▶ **SOURCE DATA**:
━━━━

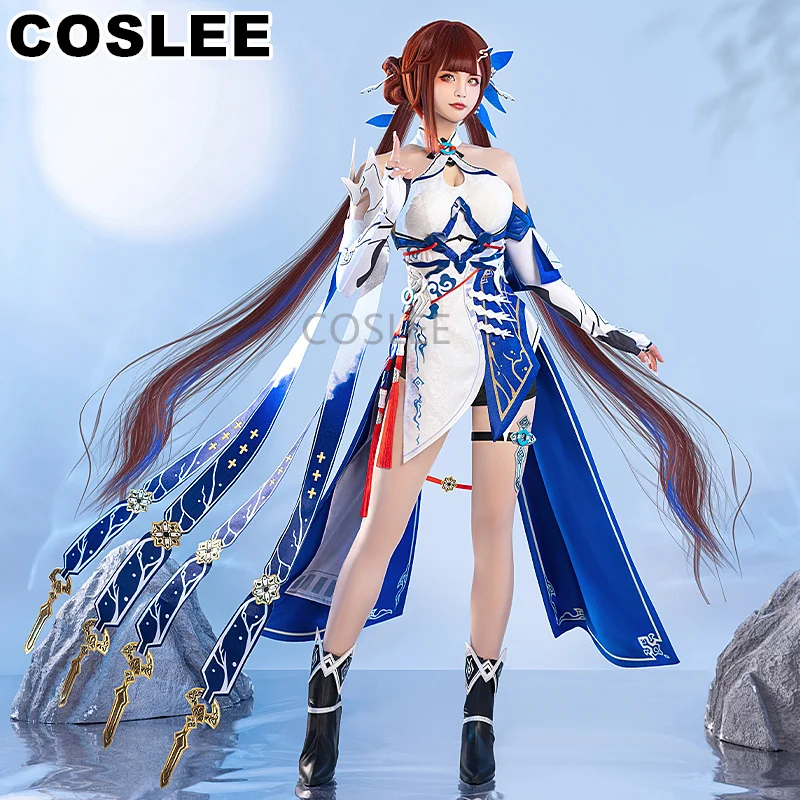 COSLEE Honkai Impact 3rd Li Sushang Cosplay Costume Gorgeous Dress Uniform Game Suit Role Play Halloween Party Outfit New 2023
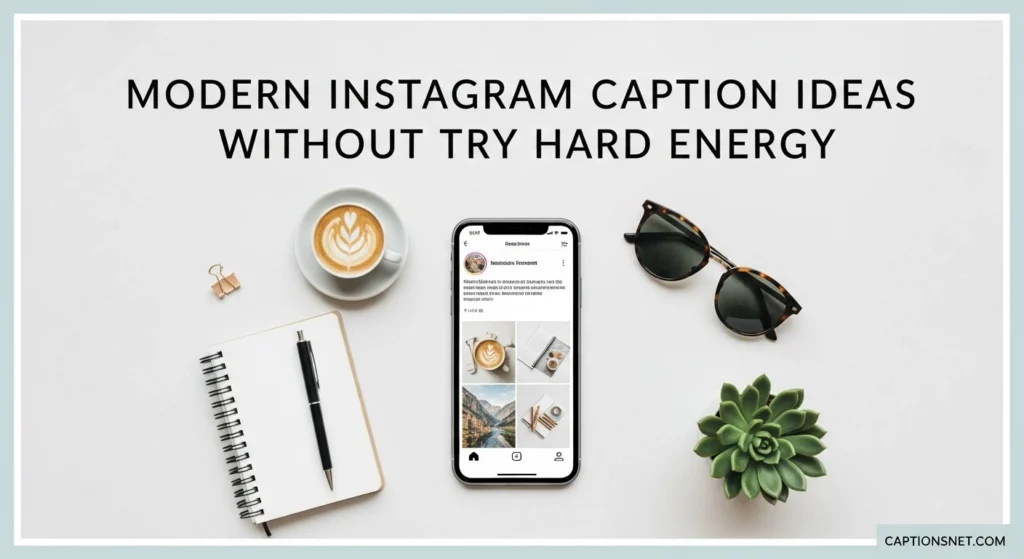 Modern Instagram Caption Ideas Without Try Hard Energy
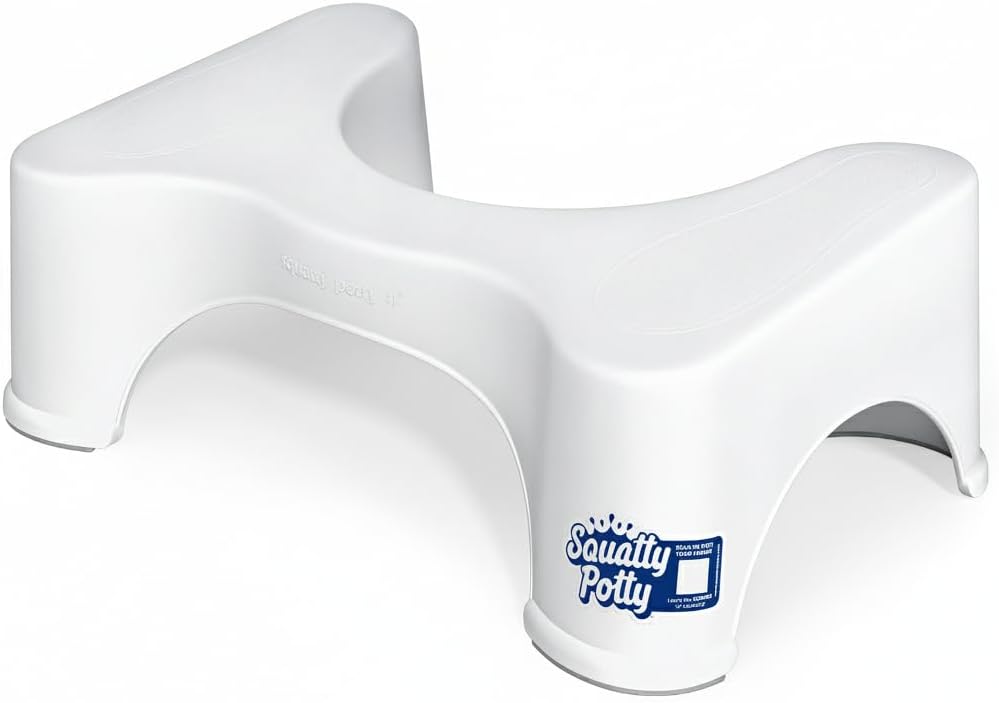 Squatty Potty Original Bathroom Toilet Stool 17.78 cm (7 Inches) - White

━━━━

▶ **WORK REQUIRED**:
From the line containing "Modern Instagram Caption" through the last line of the listing, inclusive, transcribe every line exactly and nothing else; the pictures stay out.

▶ **COMPLETED TASK**:
 Modern Instagram Caption Ideas Without Try Hard Energy
 Squatty Potty Original Bathroom Toilet Stool 17.78 cm (7 Inches) - White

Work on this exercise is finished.